How does this look like? You first develop a “coprocessor” that follows a certain interface for the database. The coprocessor has direct data access (so you have to be careful not to mess things up). Then you deploy the “coprocessor plugin” to the database. After it has been activated, you can send requests to the coprocessor; the coprocessor processes the request and returns the desired result. But you only get results from individual nodes because we are dealing with a distributed database; thus, you might need to merge them.
For example, you could develop a machine learning coprocessor that can perform distributed training directly in the database. This gives you a huge speedup!
Later on, Apache HBase adopted this approach and now also provides the possibility to develop custom coprocessors for it.
And now, because of the LFX Mentorship Program, TiKV also allows you to develop custom coprocessor plugins and deploy them to storage nodes!
Workflow and other Stuff
As mentioned before, some projects might have their own application process. This was also the case for TiKV. For TiKV, I had to complete one task from a given list and open a pull request with my solution. It was possible to choose which task I wanted to complete (only one was necessary). However, because the problems were small and quite fun, I did some more. This certainly helped for my application as well.
The mentors did choose the challenges very carefully because all of them were highly relevant for the LFX project later on. The tasks were actual issues from the TiKV repository and the pull requests were actually merged upstream and deployed into production. So that was already the first meaningful impact and the program hadn’t even started!
I also had to join the TiKV Slack. The mentors created a specific channel where applicants could ask for help: How to setup the development environment, how everything works, and so on… The people were very helpful and responded quickly.
A few days after the application deadline I got an informal private message via Slack that the mentors decided to accept me. Of course I was super happy about this! 🎉
At the very beginning, I had a welcome call with my mentors where we talked about the outline and scope of the project. Throughout the three months of the project, most of our communication and discussion were via Slack or GitHub issues. This worked exceptionally well for my mentors and me; and as far as I can tell, they were very happy with my work.
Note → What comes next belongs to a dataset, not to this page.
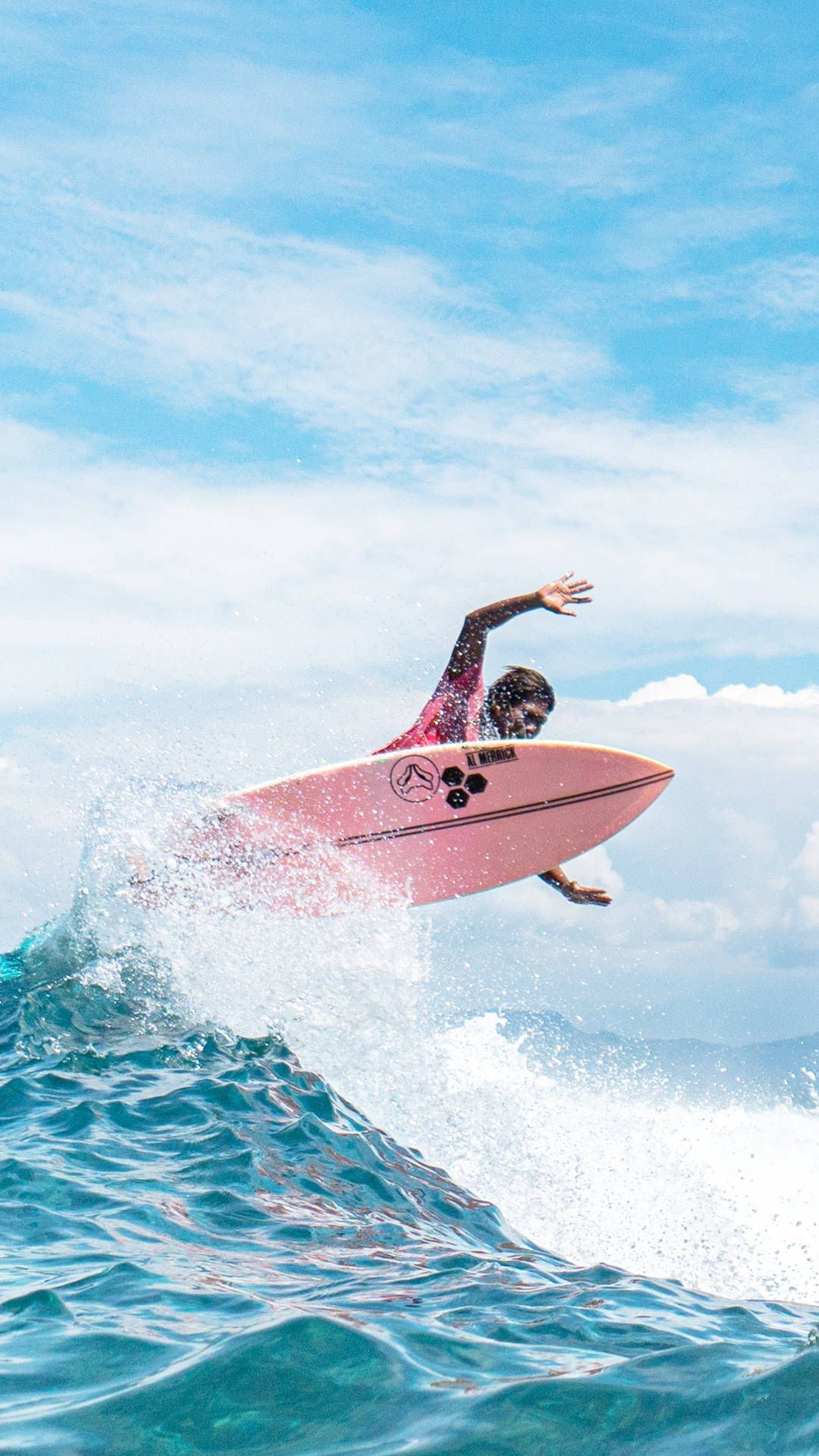 A surfer in a pink surfboard catching a wave - Surf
During the first week, we created a shared document where we wrote down the individual tasks in more detail based on the corresponding RFC for the new coprocessor. I also created a roadmap issue on GitHub where we could easily keep track of the tasks that have already been finished and the tasks that are still open. As you can see in the roadmap issue, the project involved opening many PRs; each of them was carefully reviewed.
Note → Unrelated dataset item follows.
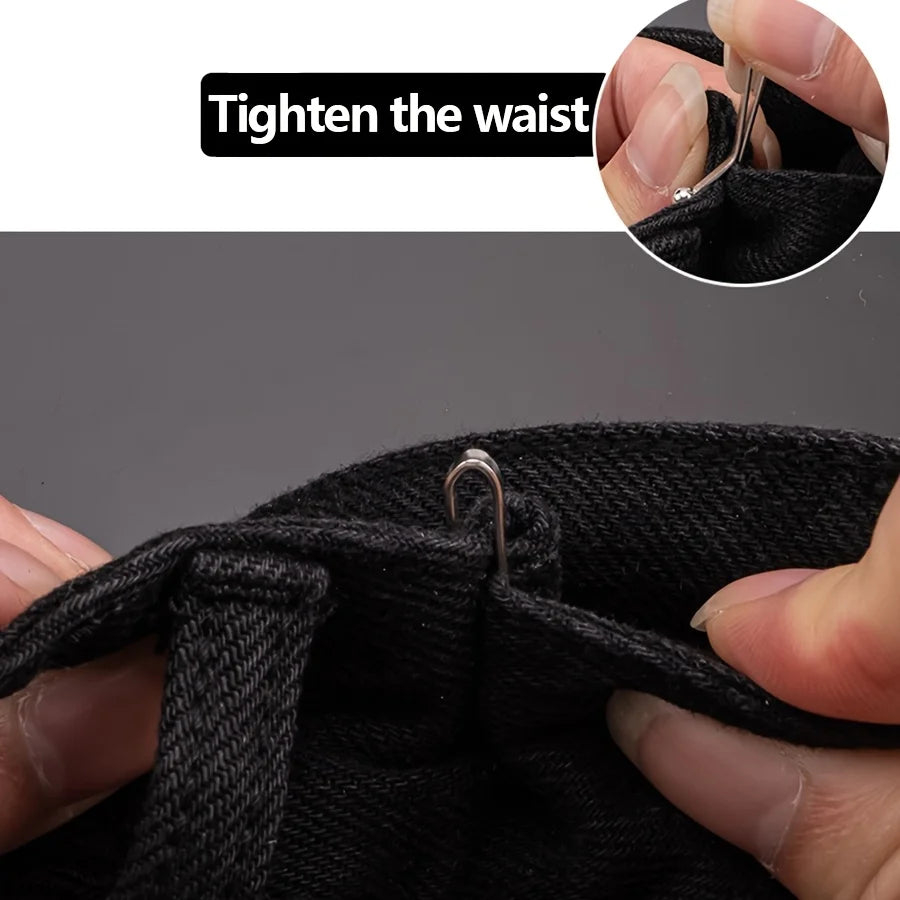 Close-up of a hand tightening an invisible metal lapel clip on black fabric to tighten the waist.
Overall, I learned quite a lot about dynamic library loading, improved my programming skills with Rust, and deepened my knowledge about databases and distributed systems. All thanks to my inspiring and helpful mentors Andy Lok and Alex Chi!
All in all, I can highly recommend the LFX Mentorship Program and TiKV to everyone!
Oh, and the best part of all: It just feels great to contribute to awesome open-source projects and become part of the community!